Despite presenting convincing evidence that sessile trichomes are, in fact, immature stalked trichomes, the authors point out that a small number of sessile trichomes remain on mature calyces and that this was true on every sample tested. In addition to this, Livingston and colleagues provided transcriptional data indicating which genes are active in each of the different trichome types. Using a specialised centrifugal separation method, the authors were able to harvest and isolate each glandular trichome type. They then performed RNA sequencing on the isolated trichome types and revealed that although all glandular trichomes showed extremely high levels of genes associated with cannabinoid and terpene synthesis (geranyl diphosphate synthase – the precursor to both), there was specific upregulation of genes in stalked trichome versus those in bulbous trichomes. This data indicates that there is no cannabinoid specialisation in stalked and sessile trichomes. In addition, co-expression analysis revealed that CBDA synthase was highly co-expressed with terpene synthesis genes, and this was very unique to trichomes of the floral parts but not the vegetative parts of the plant. Overall, genes involved in cannabinoid and terpene synthesis were much higher in trichomes than in other tissue types, but trichomes of floral origins had higher levels of these genes than other trichomes, again, as would be expected (Livingston et al. 2019).

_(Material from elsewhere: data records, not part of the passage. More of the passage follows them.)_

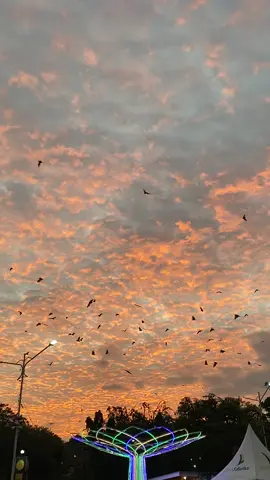 🦇🦇🦇 #zyxcba #fyp #fypシ 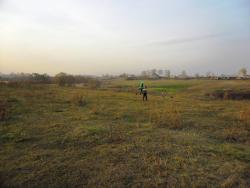 post-32197-0-13696600-1419841132_thumb.j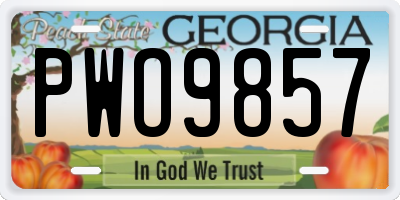 GA license plate PWO9857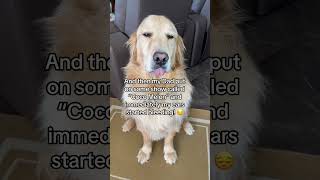 Buddy has worked way too hard to deal with this mistreatment… rant voiceover funnydog shorts [upl. by Cynera805]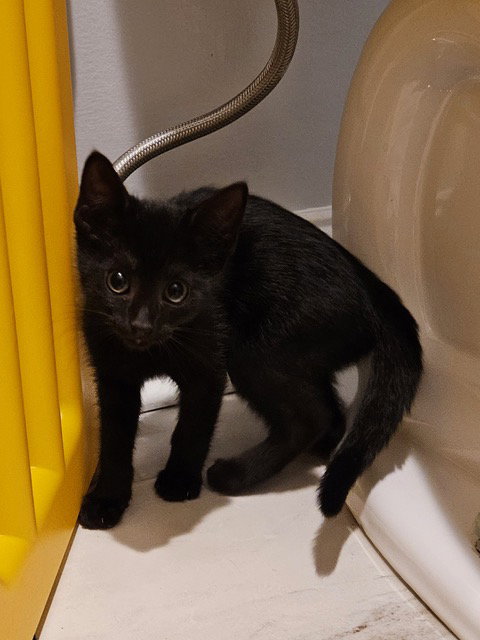 Korn Kitten photo 7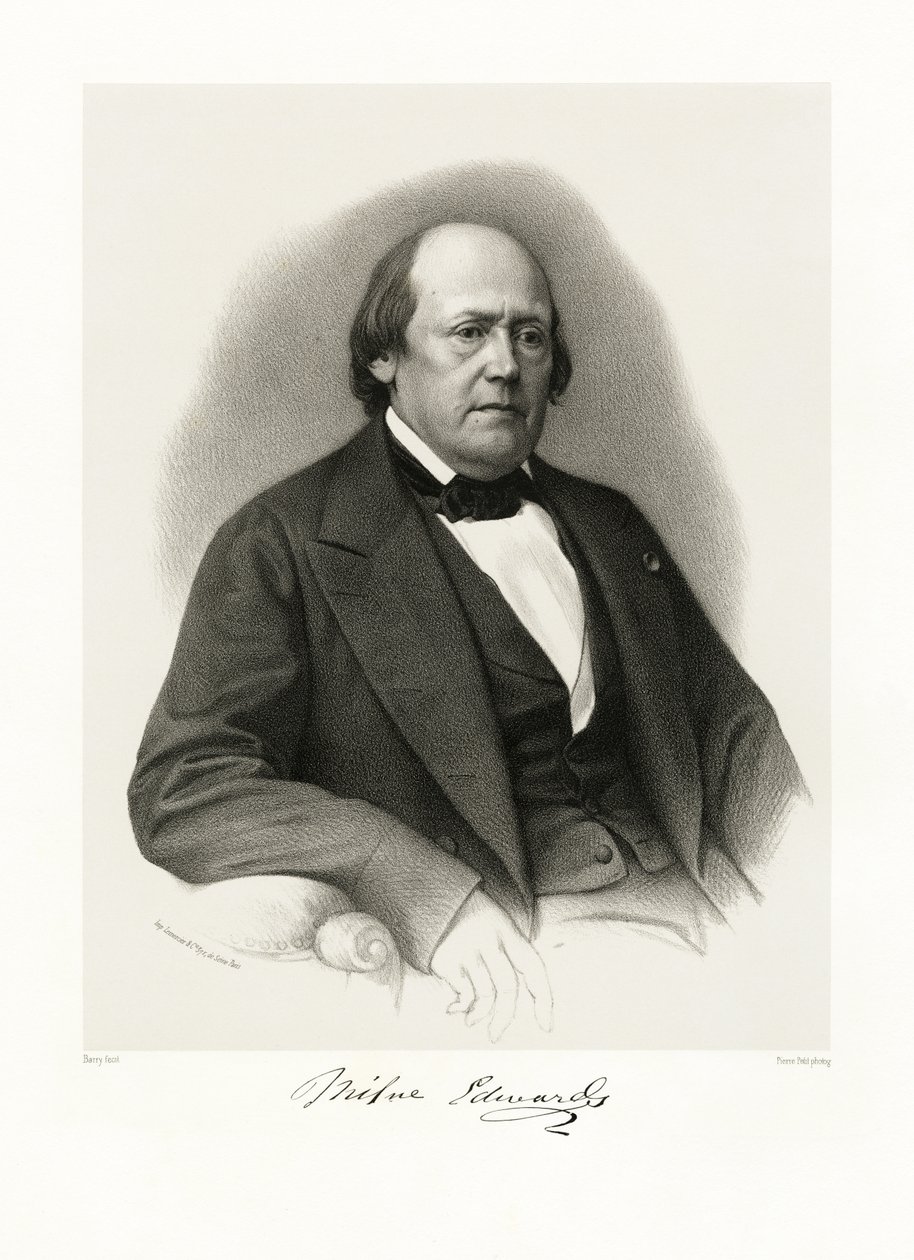 Henri Milne Edwards - Barry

Much work remains to be done in determining the full uniqueness of the composition of trichomes in each of the many cultivars and tissue types, and as this article shows, it is a complex and lengthy study. However, as the cannabinoid and terpene factories of the plant, determining the chemical composition, the way genes are expressed within, and the way humans may interfere with this all help us understand more about the plant, its uniqueness, and the ways it can be utilised for enhancing human health.